March 18 (UPI) -- United States Gulf Coast refiners have increased hydrogen purchases for their hydrocrackers to reduce levels of the highly pollutant sulfur and are likely to continue to buy more as the need for cleaner fuel rises.
"As global demand for distillate fuel oil has increased and sulfur content regulations have become more stringent, refineries have needed to use more hydrogen," the Energy Information Administration (EIA) said in a report issued Friday.
Sulfur comes in varying proportions with all types of crude oil, with grades that have a high proportion called 'sour,' as opposed to those with less sulfur called 'sweet.' Unless refineries process the sulfur, once burned, it becomes sulfur dioxide, a precursor to acid rain, according to the EIA.
Hydrogen demand will rise very soon because shippers will now need to conform to new sulfur contents in marine fuels that will take effect at the start of next year, the EIA said.
Fuel used in shipping currently has to have no more than 3.5 percent sulfur, but starting next year the sulfur emissions need to be capped at 0.5 percent. Ships conventionally run on fuel oil and diesel.

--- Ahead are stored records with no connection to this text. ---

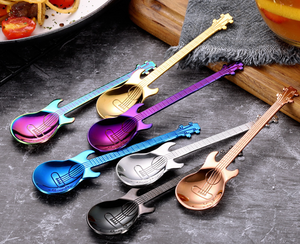 Stainless Steel Guitar Spoon 3205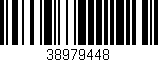 Código de barras (EAN, GTIN, SKU, ISBN): '38979448'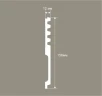 Панель Cosca RP019 156х12 2800мм Экополимер на Otdelka1.ru
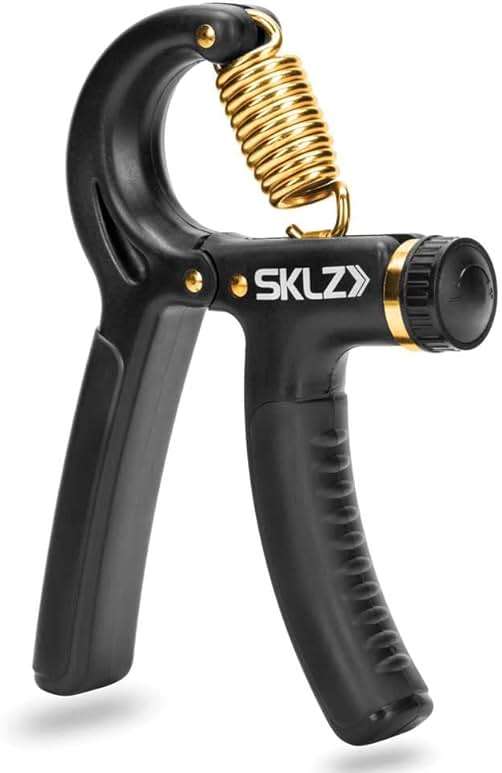 SKLZ Grip Strength Trainer Adjustable Resistance Trainer for Hand, Wrist, and Forearms - Image 2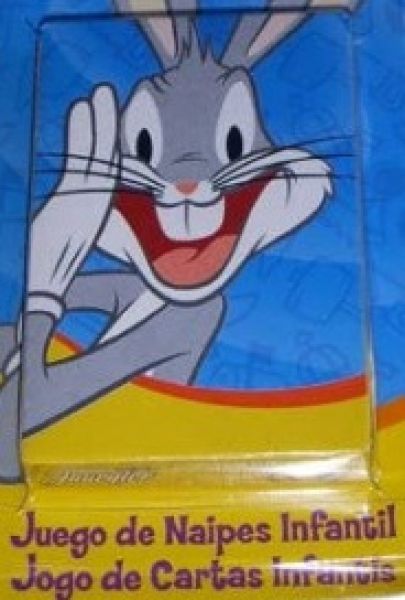  Bugs Bunny : juego de naipes infantil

Pollution legislation at sea is catching up with that on land, as regulations against emissions near cities and in inland areas has limited sulfur content in fuels for over a decade. Unlike pollution near cities, emissions by ships in high seas occurs in areas outside of national jurisdictions.
Hydrogen is used to process sour crude, which often commands lower prices precisely because of the need to process the sulfur with hydrogen, or mix it with a "sweeter" crude so that the resulting blend is not as sour.
Refineries can produce hydrogen "through steam reforming of natural gas or by purchasing it" from third parties.
The trend for most of this decade has been for increases both in demand of hydrogen as well as in purchases from third parties, the EIA said.
The delivery is made through a 600-mile network of hydrogen pipelines running from Louisiana to Houston, with connections to refineries.
In addition to the U.S. Gulf Coast, other areas of the U.S., such as the Midwest, have increased capacity to use hydrogen to treat sour crude oil and products, with use rising 13 percent from 2012 to 2017, the EIA said. The U.S. Midwest is home to refineries that process sour Canadian crude oil.